Step 2: Risk Identification
Step 2 in the risk management process is risk identification. It should answer the question: What are the potential problems that could occur? All activities in a process under consideration are documented. Potential risks are identified by the project team under the leadership of the project leader. If there is little or no experience with risk identification within a company, outside resources who have worked on similar projects should be invited to give their opinion. They can help to identify or discover potential problems based on experience with similar projects. The output of this phase is the input for risk evaluation.
Inputs for risk identification are:
- Customer complaints.
- Failure investigations.
- Corrective and preventive action plans.
- Specifications for processes and systems.
- Experience with the same process or system already installed and running.
- Experience with similar processes and systems.
- Experience with suppliers of the system and suppliers of material used for the process.
- Failure rates of the same or similar systems and processes.
- Trends of failures.
- System and process validation reports.
- Service records and trends.
- Internal and external audit results.
- FDA inspection reports.
Inputs can come from engineers, operators of equipment and processes, the validation group, IT administrators or from QA personal, e.g., as a result of internal and external audits or inspections.
The project team collects inputs on potential hazards with possible harms. Information is collected during a brainstorming meeting. All inputs should be accepted and documented. The project leader should make sure that all ideas are well understood by team members. Initial documentation can be made on a flip chart or self adhesive notes that can be easily moved around to group similar risks into categories and to eliminate double-quoted identical risks or combine similar risks into single ones.
The team prioritizes all risks that are considered for follow-up. The list of selected risks can be compared with a checklist that has been created from other projects. This should ensure that nothing important has been left out.

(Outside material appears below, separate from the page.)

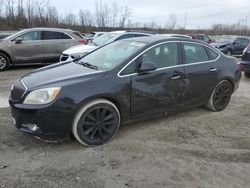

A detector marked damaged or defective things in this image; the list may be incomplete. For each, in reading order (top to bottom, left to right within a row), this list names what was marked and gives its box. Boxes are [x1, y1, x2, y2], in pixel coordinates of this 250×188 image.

damaged vehicle [9, 36, 240, 145]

For final documentation a form as shown in the table in Figure 12 or similar should be used with entry fields for the person who made the entry, risk description, impact on system availability, data integrity, compliance, typical situations of occurrence and suggestions for mitigation.

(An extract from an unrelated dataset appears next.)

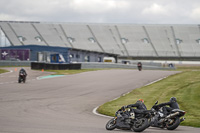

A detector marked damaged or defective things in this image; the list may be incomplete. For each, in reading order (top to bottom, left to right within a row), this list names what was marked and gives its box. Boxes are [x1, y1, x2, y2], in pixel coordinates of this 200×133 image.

crashed motorcycle [106, 106, 150, 132]
crashed motorcycle [148, 101, 186, 130] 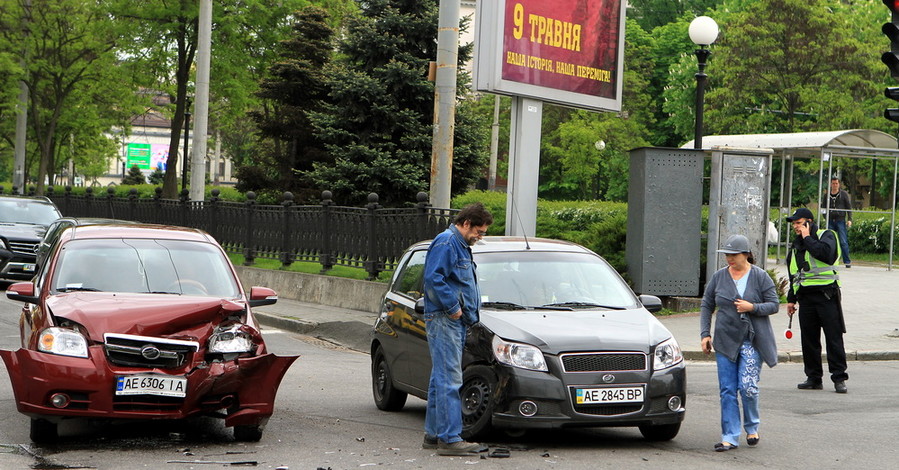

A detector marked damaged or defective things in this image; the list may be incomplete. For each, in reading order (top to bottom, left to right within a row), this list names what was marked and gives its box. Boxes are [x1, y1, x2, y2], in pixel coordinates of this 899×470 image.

red damaged car [1, 222, 300, 442]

|Risk description, hazard, typical situations of occurrence||Possible harm||Suggestion for risk control|
Figure 12: Form for Risk Identification
At this point typical situations of occurrence, possible harms and suggestions for risk control are described expressing everybody’s thoughts and experience rather than thinking about categories. For example, contributors should describe the estimated time intervals and special circumstances under which the process or system can fail.
Step 3: Risk Evaluation
After information on risks has been collected, the risk evaluation phase starts. This phase compares the identified risks against given risk criteria. It should be determined which risks are the most important ones to focus on and put into the risk mitigation plan. The output of this phase is a quantitative estimate of risk or a qualitative description of a range of risks. Most critical is to use objective ranking criteria for severity and probability. For more details on how this is best achieved see the section “Approaches for Risk Management” in the chapter “Criteria for Severity, Probability and Risk Acceptance”.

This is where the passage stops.